Today I met with Aidan Fitzpatrick, Founder & CEO of Reincubate and Keep Calm Network. He was kind enough to give me a whole hour. And I got the best possible outcome of any business meeting—more and better questions, a reading list, and that warm, fuzzy feeling that I’m not alone in the search for intelligent life (and genuine value generation) in the universe.

More and Better Questions

Aidan started out asking me what the ideal outcome of the meeting was. I can’t remember what I said, but I remember how it made me feel: like I was in charge of the interaction and what I wanted mattered. There I was, unemployed, indebted from attempting to launch my own business, crashing with a friend of a friend in a foreign country because my spidey sense says I need to travel and make art right now—and suddenly I was running a meeting with the CEO of a company I admire because it does good in the world using art and ideas.

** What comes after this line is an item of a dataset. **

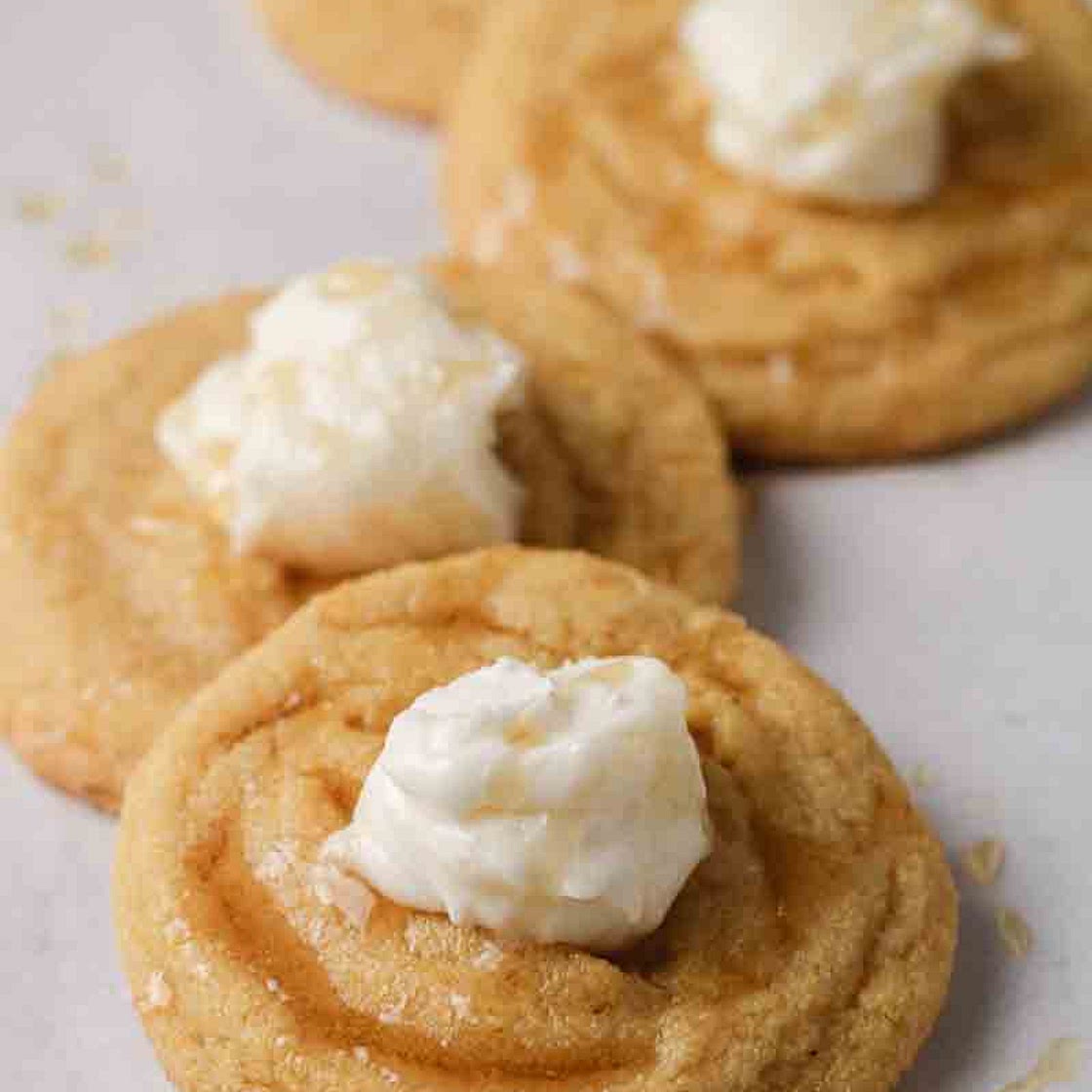 Crumbl Corn bread cookie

Maya Angelou said people will forget what you said and did, but not how you made them feel. It’s true. So the question I didn’t ask then that I have to ask myself now, as a businessperson and a human being, is how I can be more like Aidan in this way. When I blog, how can I do a better job making readers feel important, putting them in charge? When I paint, write, sing? On one hand, art is about pouring your heart out. But on the other hand, it’s about offering that outpouring to other people, to keep them company in the world and make them feel like I did in this meeting. Like they’re not just experiencing Harry Potter’s adventures, but in a sense writing them, too.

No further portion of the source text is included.